EXERCISE PROMPT | Could you copy exactly the lines below, beginning at the line with "It's all about" and stopping after the line with "Upon delivery, Heratherm", with no pictures?

SUPPLIED INFORMATION |
......
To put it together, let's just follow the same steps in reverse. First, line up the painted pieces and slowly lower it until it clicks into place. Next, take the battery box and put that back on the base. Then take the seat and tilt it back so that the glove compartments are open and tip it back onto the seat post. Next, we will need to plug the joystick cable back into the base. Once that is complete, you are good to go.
......
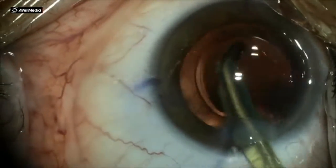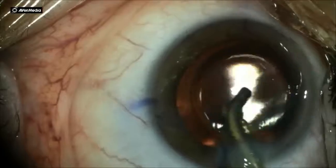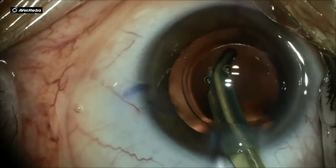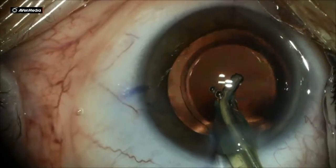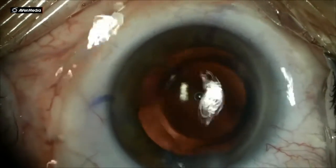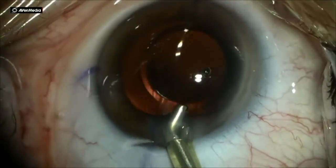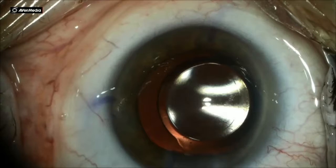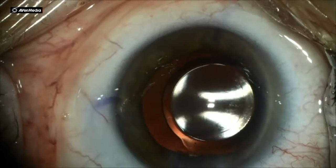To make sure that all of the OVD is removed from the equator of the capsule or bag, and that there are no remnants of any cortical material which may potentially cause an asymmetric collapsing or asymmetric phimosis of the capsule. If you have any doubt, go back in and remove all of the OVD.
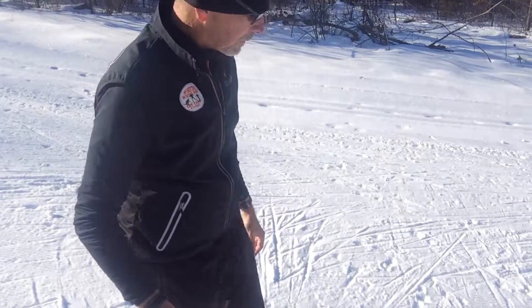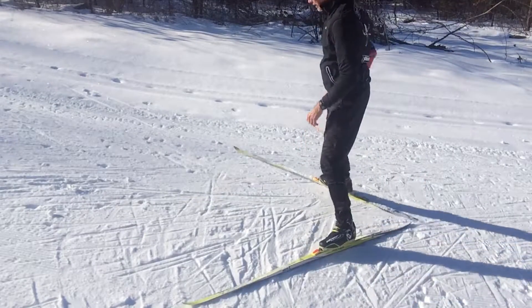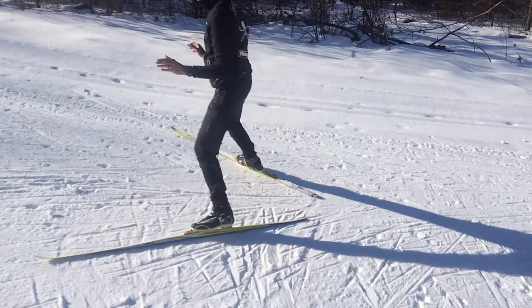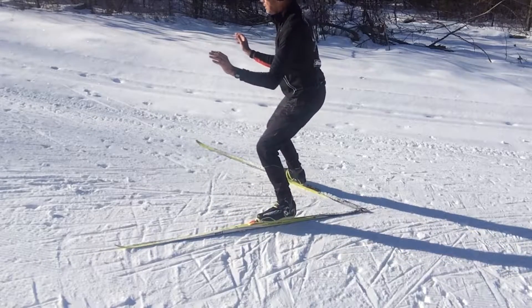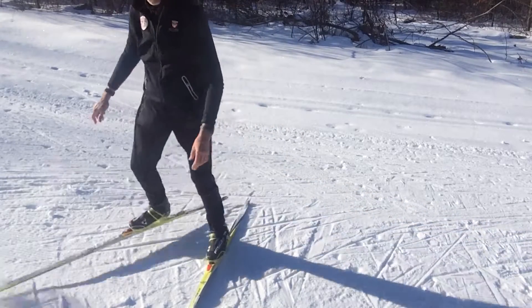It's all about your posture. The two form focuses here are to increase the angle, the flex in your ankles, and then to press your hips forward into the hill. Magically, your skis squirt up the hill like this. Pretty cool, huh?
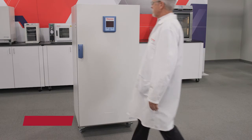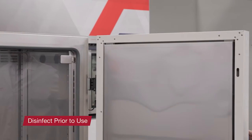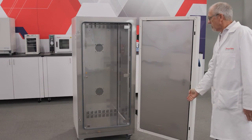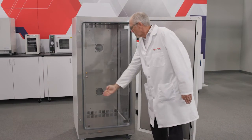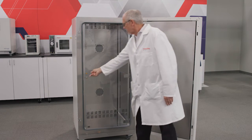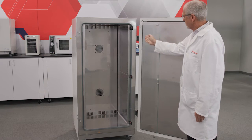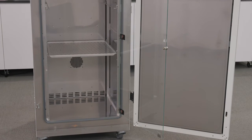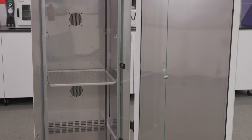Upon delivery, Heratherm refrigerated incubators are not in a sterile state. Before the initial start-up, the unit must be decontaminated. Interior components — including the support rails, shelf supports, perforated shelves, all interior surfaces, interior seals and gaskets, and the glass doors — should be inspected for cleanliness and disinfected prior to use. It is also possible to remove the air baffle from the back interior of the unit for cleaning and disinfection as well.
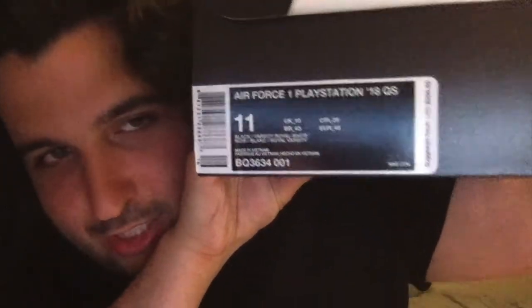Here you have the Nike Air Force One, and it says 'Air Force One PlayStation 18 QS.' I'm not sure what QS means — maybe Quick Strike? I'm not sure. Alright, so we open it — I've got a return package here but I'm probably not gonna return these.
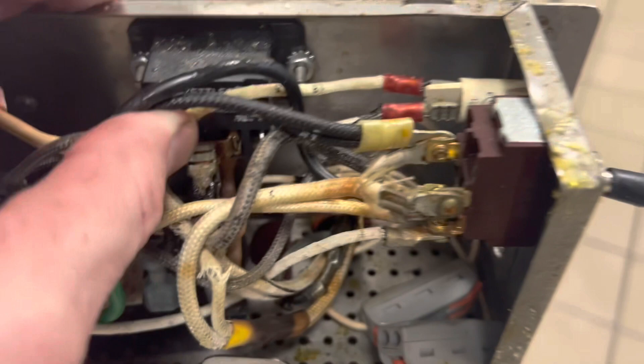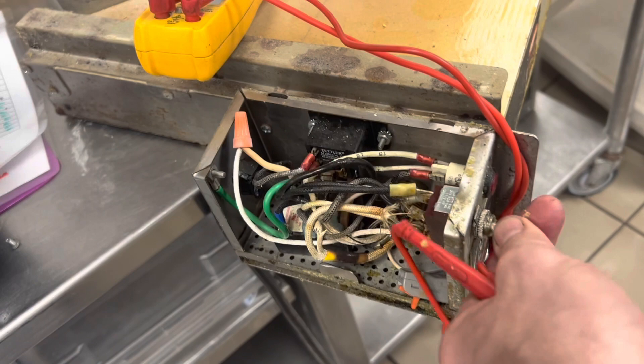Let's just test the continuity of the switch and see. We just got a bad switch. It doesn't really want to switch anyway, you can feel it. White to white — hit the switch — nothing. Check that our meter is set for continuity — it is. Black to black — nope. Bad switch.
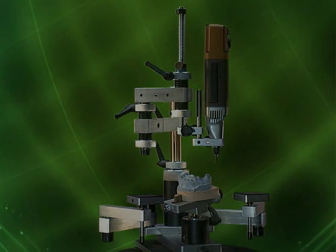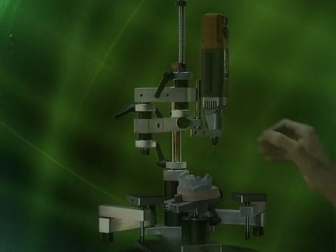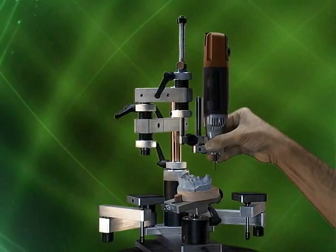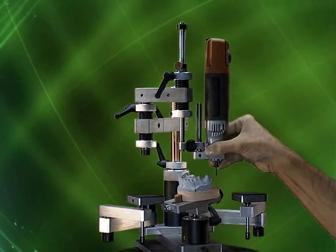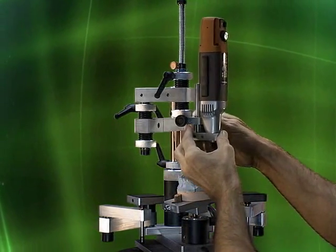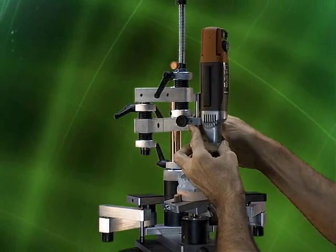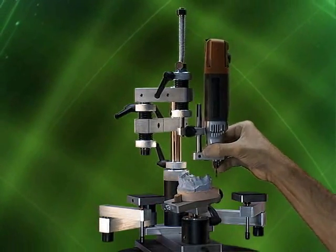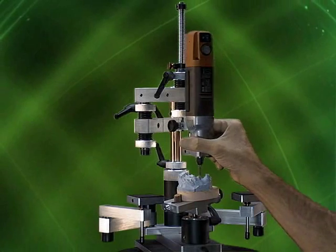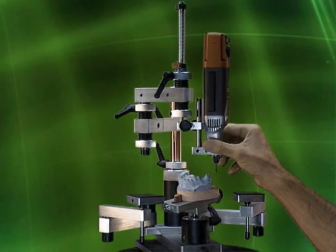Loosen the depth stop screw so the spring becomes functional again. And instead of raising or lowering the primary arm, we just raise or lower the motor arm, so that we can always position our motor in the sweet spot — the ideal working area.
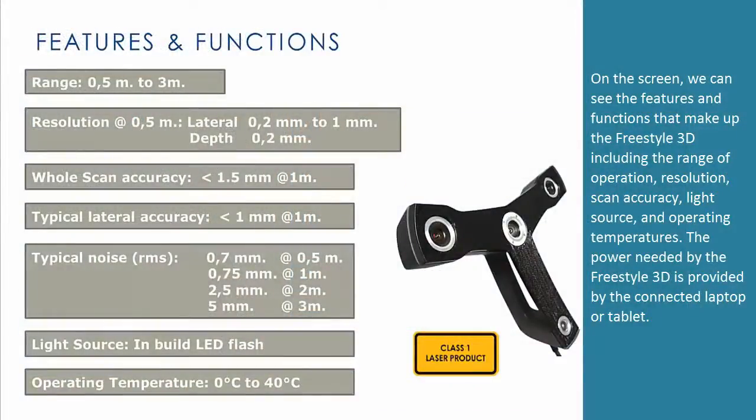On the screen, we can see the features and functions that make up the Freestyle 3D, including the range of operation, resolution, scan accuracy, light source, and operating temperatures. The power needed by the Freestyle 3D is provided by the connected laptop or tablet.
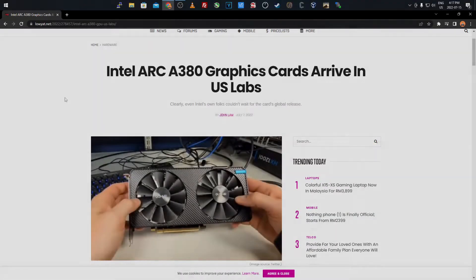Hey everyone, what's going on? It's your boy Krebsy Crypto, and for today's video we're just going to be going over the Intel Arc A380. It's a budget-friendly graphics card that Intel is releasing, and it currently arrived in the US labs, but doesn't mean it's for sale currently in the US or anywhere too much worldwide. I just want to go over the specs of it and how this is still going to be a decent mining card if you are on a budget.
......
EXERCISE RESPONSE |
It's all about your posture. The two form focuses here are to increase the angle, the flex in your ankles, and then to press your hips forward into the hill. Magically, your skis squirt up the hill like this. Pretty cool, huh?
Upon delivery, Heratherm refrigerated incubators are not in a sterile state. Before the initial start-up, the unit must be decontaminated. Interior components — including the support rails, shelf supports, perforated shelves, all interior surfaces, interior seals and gaskets, and the glass doors — should be inspected for cleanliness and disinfected prior to use. It is also possible to remove the air baffle from the back interior of the unit for cleaning and disinfection as well.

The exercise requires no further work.